Collected data:
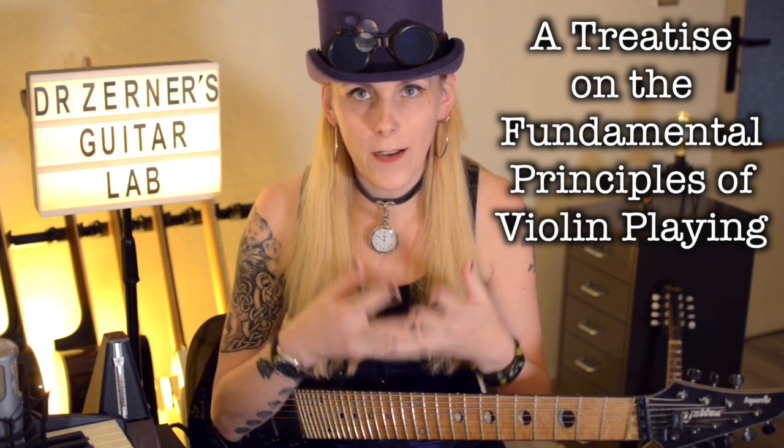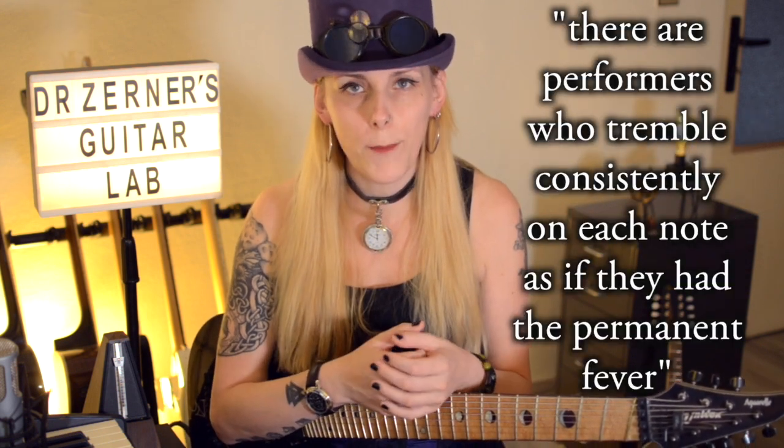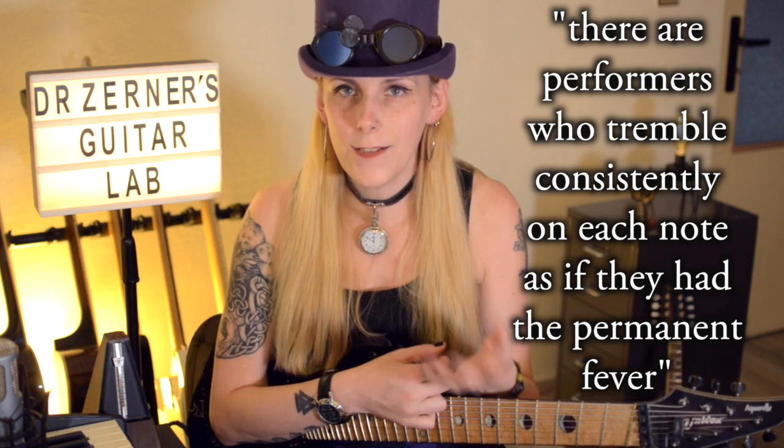Leopold Mozart says in 1756 in his 'Versuch einer Gründlichen Violinschule', or 'A Treatise on the Fundamental Principles of Violin Playing': 'There are performers who tremble consistently on each note as if they had a permanent fever.' He suggests that vibrato should rather be executed on long notes and at the end of the phrase. Even though vibrato appears more and more during the Romantic period, it still remains a relatively unpopular technique until the 1940s when the Vienna Philharmonic Orchestra starts introducing it for the first time in their performance.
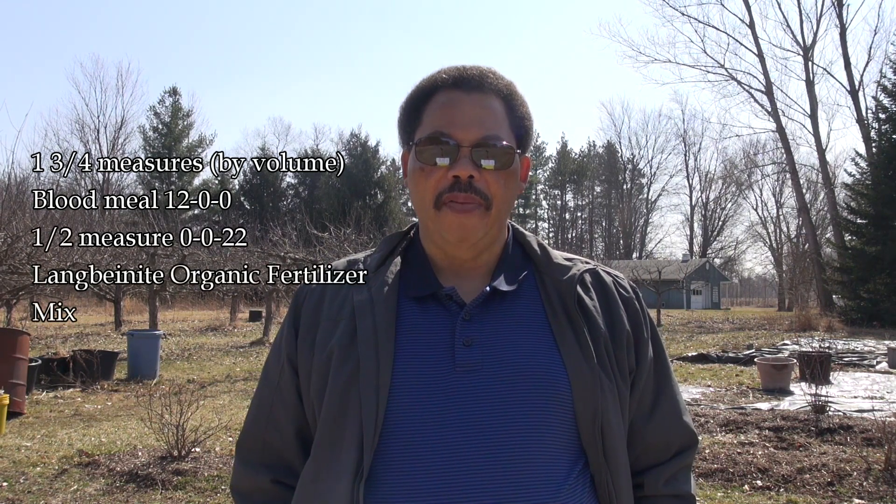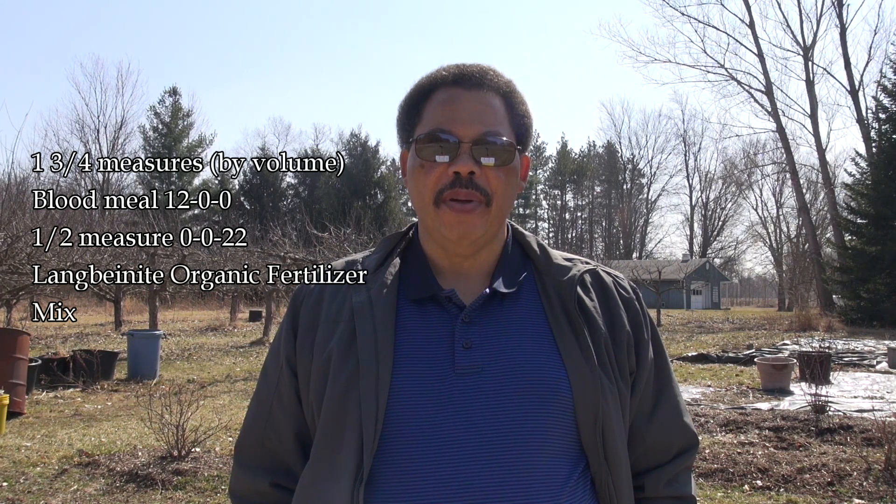If you want your mix to be an organic mix, you can use the following ingredients. First, use 12-0-0 or blood meal as your source of nitrogen — the amount you'd use would be one and three-quarters parts. For potassium, use one-half part of a material called Langbeinite organic fertilizer, which is 0-0-22, and this is an OMRI-approved material — the Organic Materials Review Institute. For magnesium, use one-half part Monterey LG 7220 Epsom salts for plants, which is 10% magnesium and also OMRI approved.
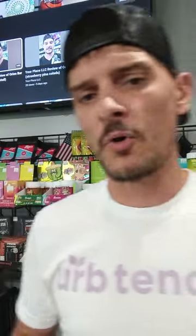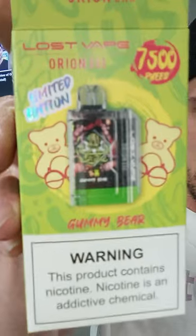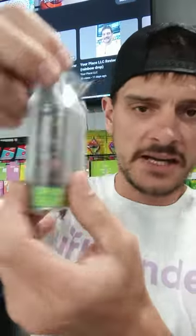The Gummy Bear Oran Bar — 7500 puffs, rechargeable, with that sweet draw activation where it's a hard pull and then an easy pull. Like I said in previous videos, they're one of the better devices with that feature. There's the box — I always like the designs on these Oran bars, they're way cool.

What the task requires: Apart from the pictures, restate all of the listing above exactly.

Reply to the task:
Leopold Mozart says in 1756 in his 'Versuch einer Gründlichen Violinschule', or 'A Treatise on the Fundamental Principles of Violin Playing': 'There are performers who tremble consistently on each note as if they had a permanent fever.' He suggests that vibrato should rather be executed on long notes and at the end of the phrase. Even though vibrato appears more and more during the Romantic period, it still remains a relatively unpopular technique until the 1940s when the Vienna Philharmonic Orchestra starts introducing it for the first time in their performance.
If you want your mix to be an organic mix, you can use the following ingredients. First, use 12-0-0 or blood meal as your source of nitrogen — the amount you'd use would be one and three-quarters parts. For potassium, use one-half part of a material called Langbeinite organic fertilizer, which is 0-0-22, and this is an OMRI-approved material — the Organic Materials Review Institute. For magnesium, use one-half part Monterey LG 7220 Epsom salts for plants, which is 10% magnesium and also OMRI approved.
The Gummy Bear Oran Bar — 7500 puffs, rechargeable, with that sweet draw activation where it's a hard pull and then an easy pull. Like I said in previous videos, they're one of the better devices with that feature. There's the box — I always like the designs on these Oran bars, they're way cool.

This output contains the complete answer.